Türkisch-Deutsches Herz

Gepostet am 21.04.2017 um 12:58 Uhr

Die Diskussion um den Doppelpass betrifft vor allem Deutsch-Türken. Doch einen Pass wegnehmen – das ändert für Migranten nichts am Gefühl, kein vollwertiger Bürger zu sein, kommentiert Julia Barth.

Hand aufs Herz – würden wir die Diskussion um den Doppelpass führen, wären es nicht die Türken, die in Deutschland den größten Anteil an nicht-europäischen Doppelstaatlern ausmachen? Wären die Kritiker der doppelten Staatsbürgerschaft ebenso hinterher, die Optionspflicht in Deutschland wieder einzuführen, wenn wir dabei mehrheitlich über US-Bürger oder Kanadier reden würden?

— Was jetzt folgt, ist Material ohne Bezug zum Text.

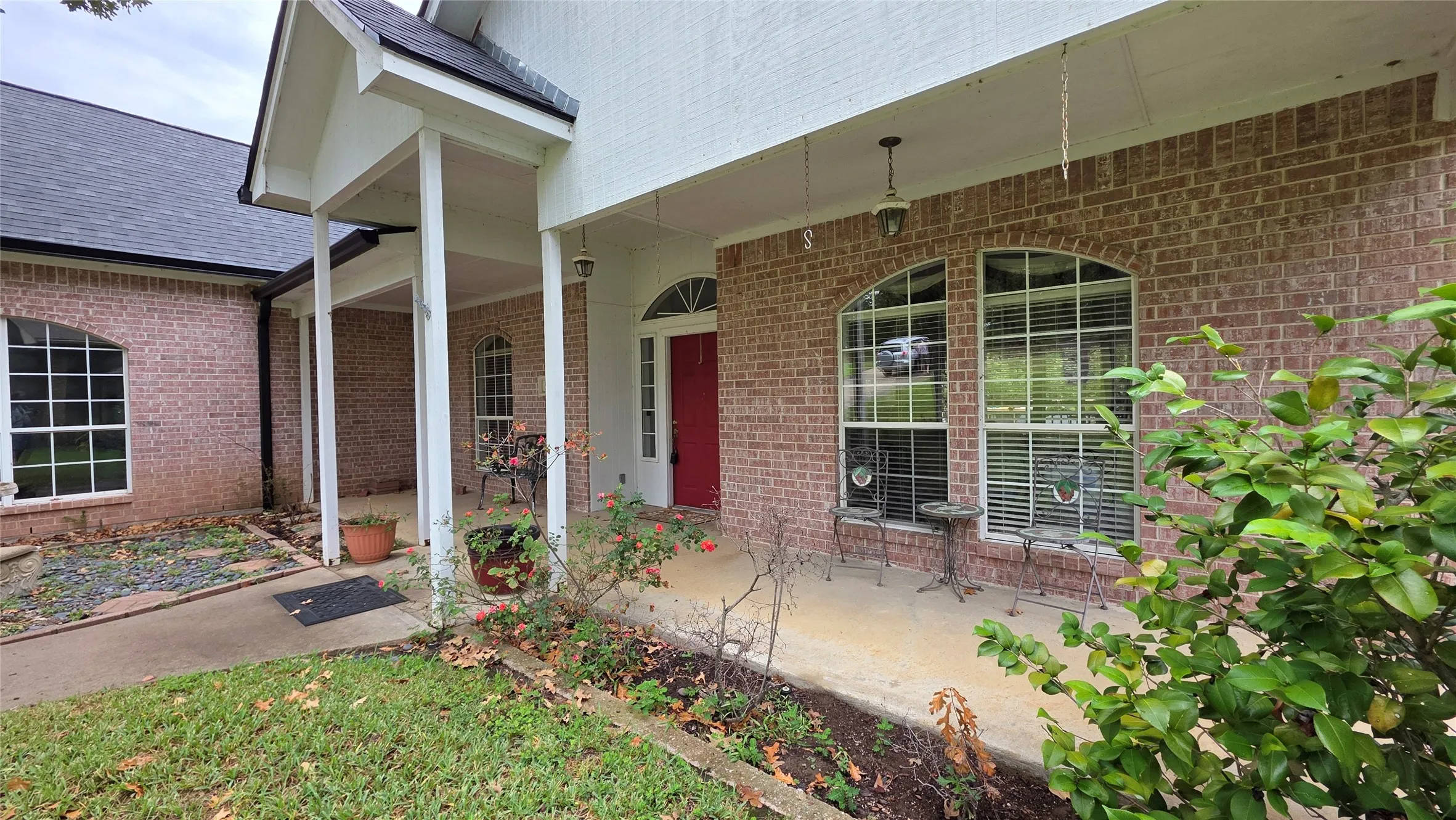 Single Family Residence For Sale in Henderson County , 5488 Point LaVista, Malakoff, Texas 75148, 3 Bedroom, 2 Bathroom, 2 Garage spaces, 2,050 Sqft, built in 1997, mls#21410345, Real Estate Agent in Malakoff, Homes For Sale in Henderson county, Homes For Sale in Malakoff, Realtor in Malakoff Texas, Real Estate Brokerage Independent Realty Texas, Luminita Cordes Realtor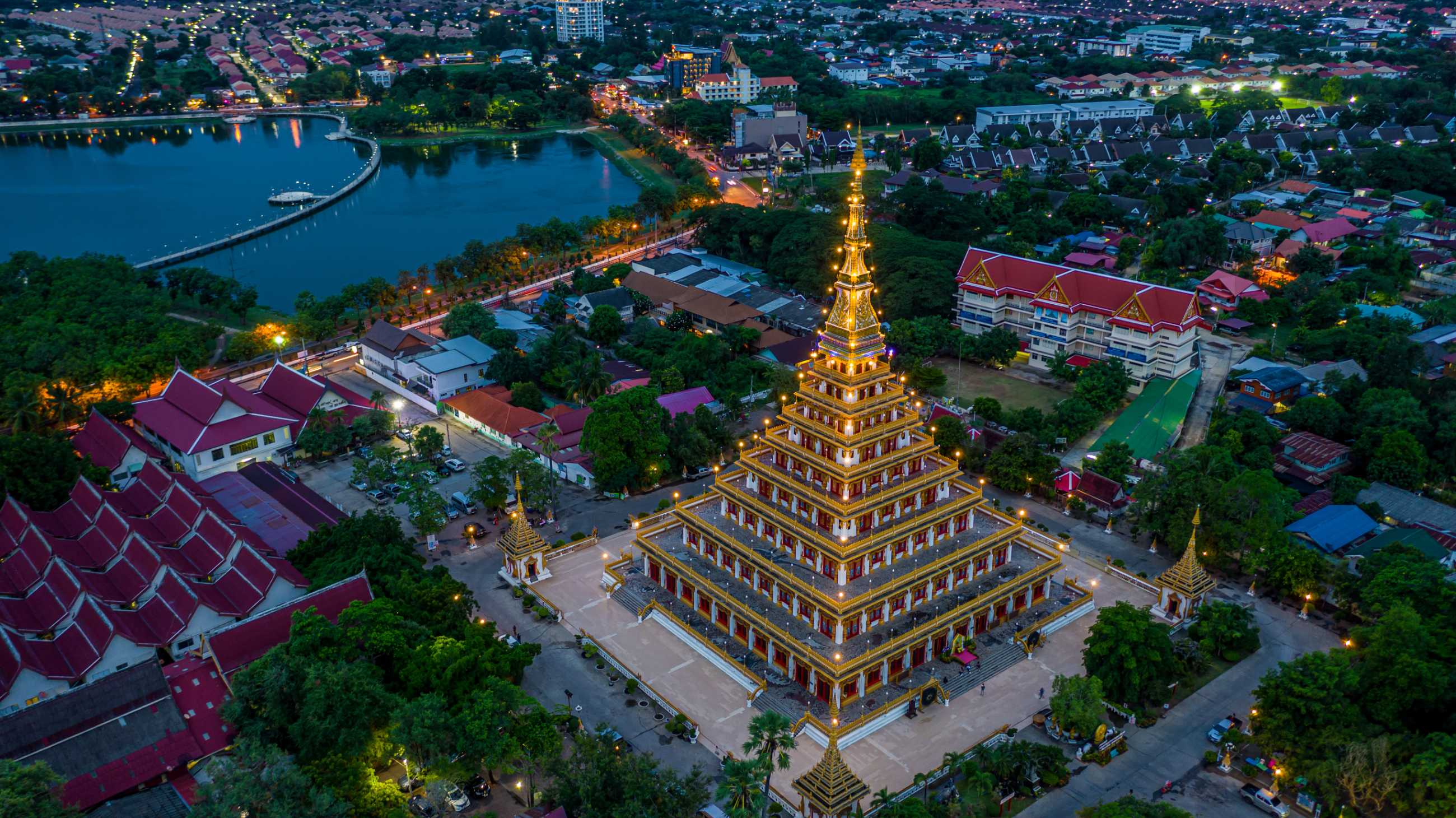 aerial-view-phra-mahathat-kaen-nakhon-wat-nong-wang-khon-kaen-thailand (1)_jadtrip.jpg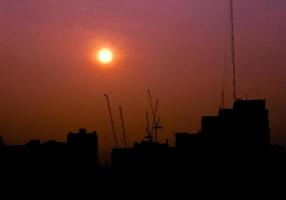 Bau bei Sonnenaufgang Silhouette foto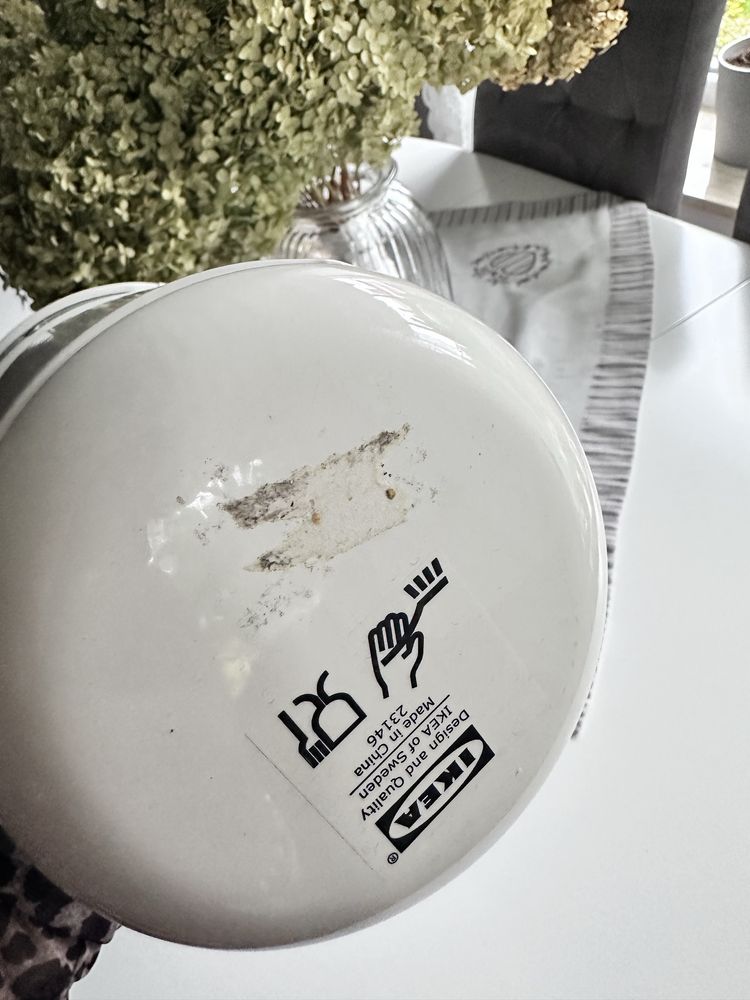 Polemnik Ikea na szampana alkohol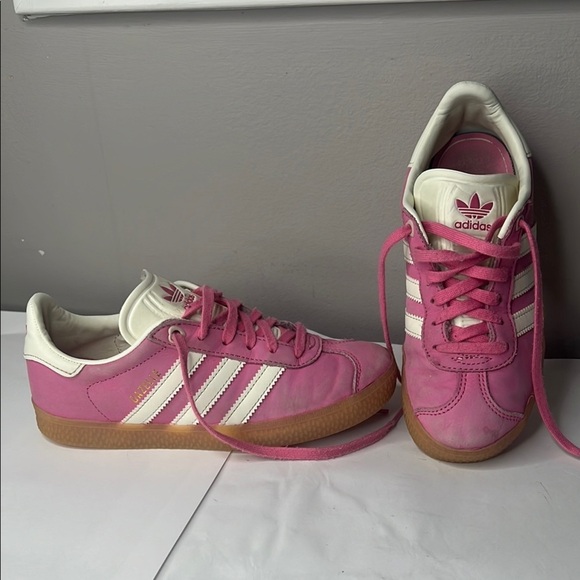 Kids Adidas Sz 2 Gazelle Pink Fusion Sneakers - Picture 1 of 8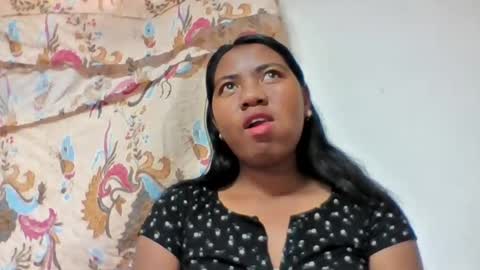 Snapshot of alydiah816442 chatting on 08/06/26, 04:14 alydiah816442 online show from 08/06/26, 04:14
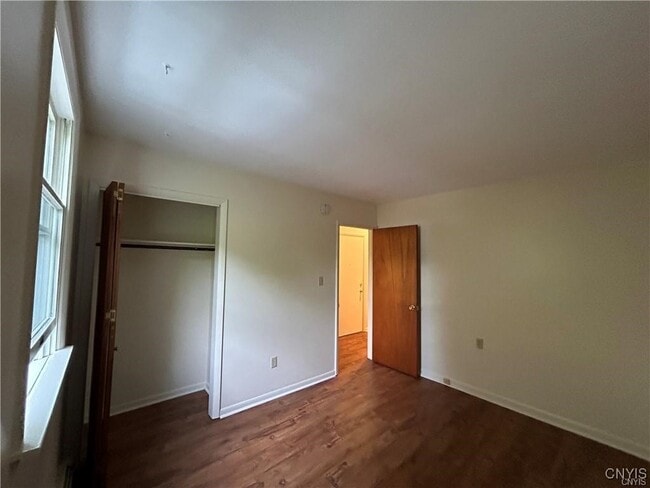 Building Photo - 307 Hamilton St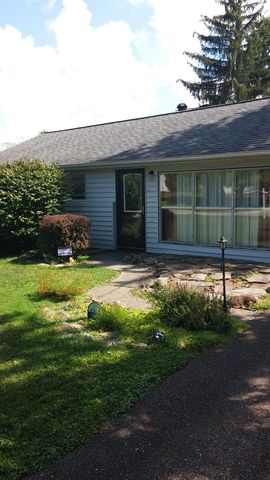 1880 Hillsdale Dr, Twinsburg, OH 44087-1254
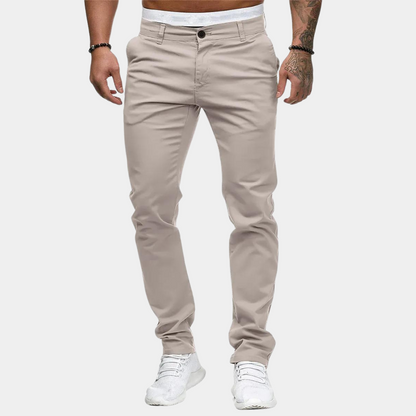 Versatile men's chinos – slim fit, breathable fabric, for summer outings 3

Ich bin überzeugt, dass nein. Und dass der Grund, warum etwa in der Union die doppelte Staatsbürgerschaft so laut in Frage gestellt wird, der ist, dass vielen eben gerade das mit dem türkisch-deutschen Doppelpass nicht passt. Und das macht die ganze traurige Dimension dieser Debatte deutlich.

Die Doppelpass-Diskussion betrifft vor allem Deutsch-Türken

Denn erstens gibt es in Deutschland qua Gesetz keine doppelte Staatsbürgerschaft. Wer Deutscher werden will, muss seinen Herkunftspass abgeben. Es gibt lediglich Ausnahmen. Für alle EU-Bürger zum Beispiel oder für Menschen aus Ländern, die ihre Bürger gar nicht oder nur unter widrigsten Umständen aus der Staatsangehörigkeit entlassen.

In Frage gestellt wird gerade aber nur die Ausnahme, die seit 2014 gilt. Sie besagt, dass Kinder ausländischer Eltern, die in Deutschland geboren und aufgewachsen sind, sich als Erwachsene nicht mehr für eine der beiden Nationalitäten entscheiden müssen, sondern beide Pässe behalten dürfen. Und das betrifft in Deutschland eben mehrheitlich Deutsch-Türken.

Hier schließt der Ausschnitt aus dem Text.